"I am only one, but I am one. I cannot do everything but I can do something. And I will not let what I cannot do interfere with what I can do."
- Edward Everett

Sunday, January 17, 2010

Introduction to the Buvuma Islands

A BRIEF INTRODUCTION TO THE ISLANDS
(from the SHIM manual)

Some visitors have remarked that mainland Uganda reminds them, development-wise, of America around the 1960’s (sorry, I wasn’t around back then to compare). Few own cars, jobs are difficult to come by, and higher education is becoming highly valued. Many homes in the cities have TV’s, for example, but in the villages there might be only a few, if any, around which people gather to watch important events—here that is often “football” (soccer) matches. Radio is still the most common form of mass media.
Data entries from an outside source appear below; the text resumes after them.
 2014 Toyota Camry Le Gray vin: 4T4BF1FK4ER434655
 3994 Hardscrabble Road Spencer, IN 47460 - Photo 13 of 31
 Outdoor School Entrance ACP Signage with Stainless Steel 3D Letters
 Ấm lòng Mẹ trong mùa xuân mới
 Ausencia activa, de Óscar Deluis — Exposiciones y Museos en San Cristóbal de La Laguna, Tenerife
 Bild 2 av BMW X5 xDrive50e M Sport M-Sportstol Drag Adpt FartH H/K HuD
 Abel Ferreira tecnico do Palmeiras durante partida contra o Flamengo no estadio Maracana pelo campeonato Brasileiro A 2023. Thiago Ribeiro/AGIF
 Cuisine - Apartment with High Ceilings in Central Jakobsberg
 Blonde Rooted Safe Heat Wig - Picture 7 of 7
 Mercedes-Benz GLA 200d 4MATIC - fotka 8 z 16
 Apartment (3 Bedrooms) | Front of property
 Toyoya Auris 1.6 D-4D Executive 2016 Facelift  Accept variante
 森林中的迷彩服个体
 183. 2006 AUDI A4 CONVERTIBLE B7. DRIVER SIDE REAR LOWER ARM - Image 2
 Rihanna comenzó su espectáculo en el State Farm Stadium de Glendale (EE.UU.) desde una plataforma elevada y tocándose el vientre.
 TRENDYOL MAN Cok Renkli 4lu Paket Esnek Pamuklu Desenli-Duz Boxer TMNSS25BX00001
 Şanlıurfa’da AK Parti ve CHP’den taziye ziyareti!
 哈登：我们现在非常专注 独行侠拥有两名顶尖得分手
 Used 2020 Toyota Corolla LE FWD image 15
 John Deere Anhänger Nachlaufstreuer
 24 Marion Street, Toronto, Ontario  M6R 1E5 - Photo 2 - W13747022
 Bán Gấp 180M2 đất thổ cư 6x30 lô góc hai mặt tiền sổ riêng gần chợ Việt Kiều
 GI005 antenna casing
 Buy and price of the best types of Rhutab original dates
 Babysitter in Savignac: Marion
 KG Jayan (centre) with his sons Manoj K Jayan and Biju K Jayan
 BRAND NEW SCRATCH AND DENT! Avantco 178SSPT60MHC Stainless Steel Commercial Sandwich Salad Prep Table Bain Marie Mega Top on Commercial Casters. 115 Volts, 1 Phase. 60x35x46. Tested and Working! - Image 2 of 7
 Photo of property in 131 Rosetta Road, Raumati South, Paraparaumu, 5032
The islanders themselves say that the islands are about 40 years behind the mainland. The majority of the people on the islands are uneducated and illiterate, even in their native language. While at least a few English words are known by almost all, only the more educated can speak fluently. There is no electricity (except for a few privately owned generators and small solar systems), and “running water” is what you carry on your own two feet. There are no municipal water or sanitation systems, nor is there access to safe drinking water except for a few systems put in by non-government organizations (NGO’s) like Shepherd’s Heart and Youth With A Mission. It is common to step over raw sewage from time to time as one walks through the villages (usually from children, or “run off” from a private outhouse that sits on the surface of the ground). Cooking is also difficult, requiring wood or charcoal.

Because the islands are so remote and difficult to reach, and because traditionally the local people feared the spirits on the water, the islands became inhabited by a high percentage of criminals and refugees. Many fled from past war zones. Others migrated from Kenya and mainland Uganda seeking livelihood from fishing. On any given island, there are people from several different nationalities and dozens of different tribes/languages. Rarely will you find an adult who is native to the islands. This combination makes for some very difficult hurdles against unity and community within the camps. It also greatly hinders development, as the people do not consider the islands their home.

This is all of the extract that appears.